Se possibile, sono da preferire soluzioni conservative alle procedure chirurgiche, sotto appropriata
copertura antibiotica. Se non fosse possibile evitare estrazioni e altri interventi di chirurgia orale,
minimizzare la manipolazione ossea e seguire il caso frequentemente nei primi mesi per accertarsi della
corretta guarigione. In pazienti che già presentano osteonecrosi, la regione necrotica andrebbe rimossa
con grande cautela, evitando traumi addizionali ai tessuti duri e molli adiacenti. Sono da evitare nel
modo più assoluto ampie resezioni delle zone necrotiche.
Si prescrivono sciacqui orali con clorexidina, analgesici se necessari, e terapia antibiotica sistemica. In
questi ultimi casi si può suggerire di interrompere per alcune settimane la terapia con bisfosfonati fino
alla guarigione del sito con osteonecrosi, almeno per limitare l’effetto anti-angiogenetico su tessuti molli
e periostio.
A
d
Quali sono le future possibili linee di ricerca per fare maggior luce su questo fenomeno?
Le attuali testimonianze relative all’osteonecrosi da bisfosfonati si basano su studi con modesto livello
di evidenza, case reports e case series. E’ necessario progettare ed eseguire studi clinici prospettici con
elevato livello di evidenza per determinare in modo più preciso il peso eventuale di altri fattori di
rischio quali età, sesso, assunzione di farmaci concomitanti, condizioni mediche pre-esistenti,
suscettibilità genetica.
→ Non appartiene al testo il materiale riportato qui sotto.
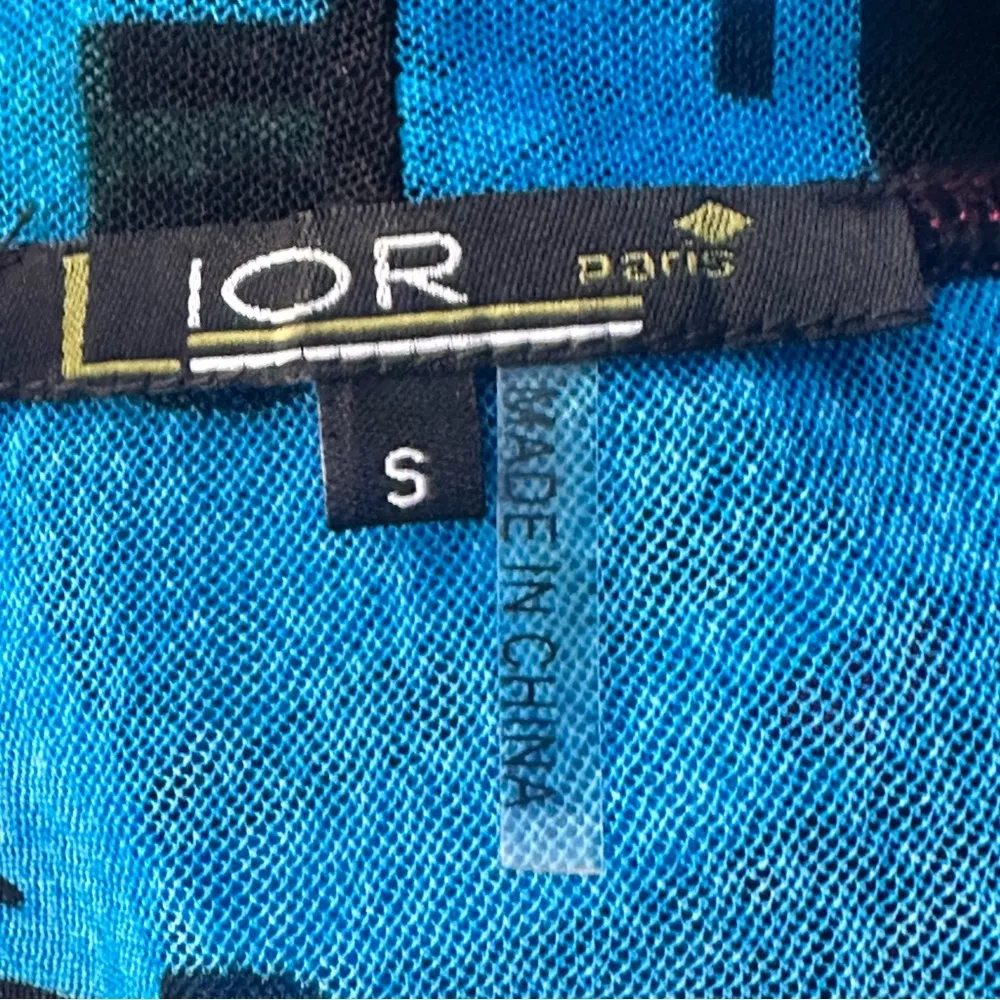 Lior gold Paris multicolored stretch lace mesh waterfall cardigan high l… Blue - Image 15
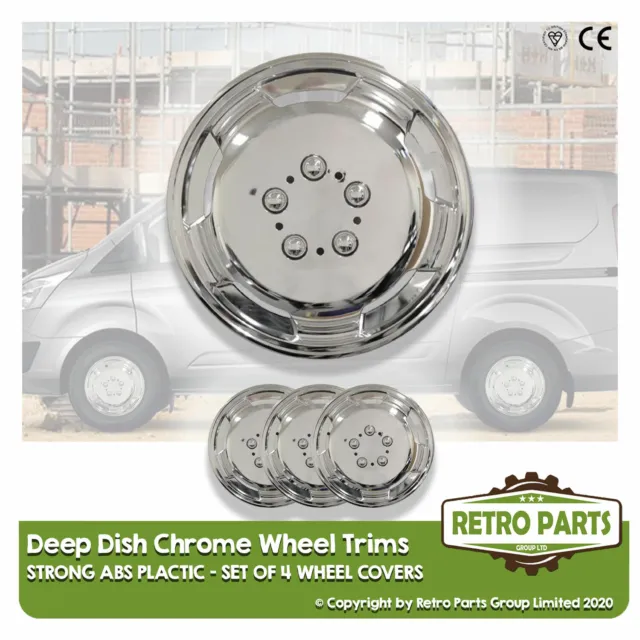 16 inch Chrome Deep Dish Van Wheel Trims for Fiat Vans Hub Caps Covers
E’ necessario anche stabilire se modificazioni del dosaggio iniziale possano
ridurre l’incidenza dell’osteonecrosi mantenendo l’enorme beneficio di questa categoria di farmaci. Ad
esempio una volta che la condizione del paziente si è stabilizzata, nella fase di mantenimento, farmaci
con minore potenza, possibilmente non amino-bisfosfonati, forse potrebbero essere sostituiti ai farmaci
più potenti utilizzati in fase iniziale.
Il frequente monitoraggio di markers del turnover osseo potrebbe essere di utilità ai clinici, per
riconoscere ed evitare una eccessiva soppressione del metabolismo osseo. Bisognerebbe anche stabilire
criteri diagnostici precisi (biochimici, radiologici, clinici) per una precoce identificazione di
modificazioni che possano precedere o predire l’insorgenza di esposizioni ossee tipiche
dell’osteonecrosi dei mascellari. Infine, bisognerebbe effettuare studi clinici rigorosi per determinare le
linee guida e i protocolli di trattamento più efficaci per i pazienti affetti da questa gravosa condizione.